Oliver also explained what the company's goals are for the year.
He said: "What's the big focus for us, apart from building more data centres and doing more deals with customers, is to drive that Magnus-based design even further to a higher level and to a next stage, which will then focus around high, high-density AI – really, 600kW per rack – that will turn the requirements of the traditional data centre somewhat upside down."
Looking beyond FLAP-D
Oliver said hscale sees the biggest opportunity in fast-growing tier two markets where land and power is more readily available.
The company aims to be successful in second-tier markets outside of FLAP-D constraints, with Oliver specifically mentioning Oslo, Madrid and Milan expansions.
"It's where we see good land, opportunity for powered land and where we also have the ability to really deploy at scale. And I think that is a differentiator.
"So we're obviously looking where the customer wants to go, but we're also looking where there is substantial capacity that can be delivered in a timely fashion.
"And that is how we separate. So we have strong capacity coming online in '27, in '28 and obviously beyond."
Building for hyperscalers
Magnus is also designed to help hscale balance standardisation with bespoke hyperscaler requirements by incorporating common customer specifications into a single baseline design.

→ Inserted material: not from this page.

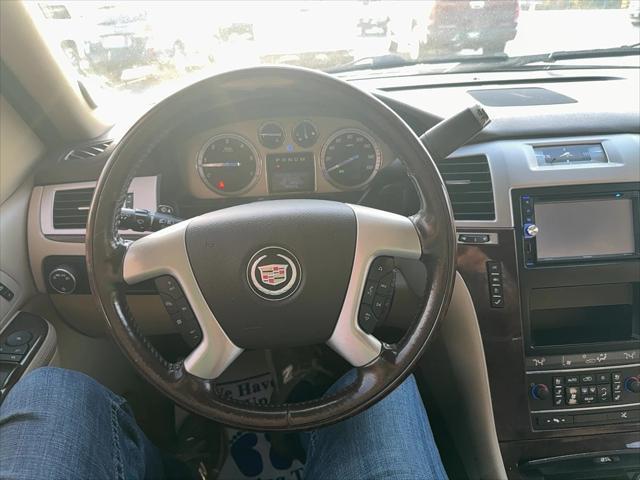 used 2014 Cadillac Escalade car, priced at $18,900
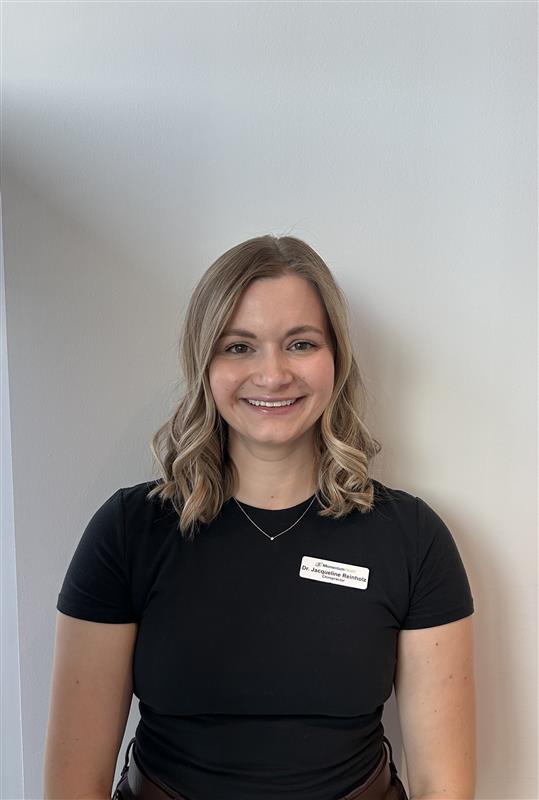 Dr. Jacqueline Reinholz Chiropractor Deerfoot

"So what we do is we take the latest design standards of the most important customers, and we bake them into the base design so that our base design delivers between 70 and 80% of all the customer's base requirements.
"And that allows us to deliver a product that can be tailored quicker to the customer's specific needs than other products.
"We also source and manage the supply chain for the standard product to be able to deliver faster, which obviously is the biggest need of all customers.
"If a customer really has a very specific requirement, we're also happy to deliver that. But we have a preference, obviously, to deliver our Magnus design."
The strategy is already shaping hscale's expansion.
Oliver revealed the company has doubled down on Milan, where it now has two sites under development totalling 250MW and representing more than €2bn (US$2.28bn) of investment, while also explaining ambitions to expand into high-growth markets elsewhere.